Uniform, identical bricks 20 cm long are stacked so that 4 cm of each brick extends beyond the brick beneath. How many bricks can be stacked in this way before the stack falls over?

6 bricks

Explanation:

For the bricks system to NOT fall over, then the center of mass of the system must lie within the touching area of the bottom brick.

Let the reference line be at the left end of the base brick, and the bricks are being stacking to the right direction.

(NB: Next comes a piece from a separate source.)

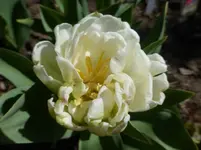 P1320710.webp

- The 1st brick would have a center of mass at 20/2 = 10 cm or 10 + 0, this is < 20 cm so it stays

- 2 stacked bricks would have a center of mass at (10 + 14) / 2 = 12 cm or 10 + 2, this is also < 20 cm so it stays

- 3 stacked bricks would have a center of mass at (10 + 14 + 18) / 3 = 14 cm or 10 + 2*2, this is also < 20 cm so it stays

- 4 stacked bricks would have a center of mass at (10 + 14 + 18 + 22) / 4 = 16 cm or 10 + 2*3, this is also < 20 cm so it stays

- 5 stacked bricks would have a center of mass at (10 + 14 + 18 + 22 + 26) / 5 = 18 cm or 10 + 2*4, this is also < 20 cm so it stays

- 6 stacked bricks would have a center of mass at (10 + 14 + 18 + 22 + 26 + 28) / 5 = 20 cm or 10 + 2*5, this is also < = 20 cm so it stays before tipping over.

- The 7th brick would make everything fall down.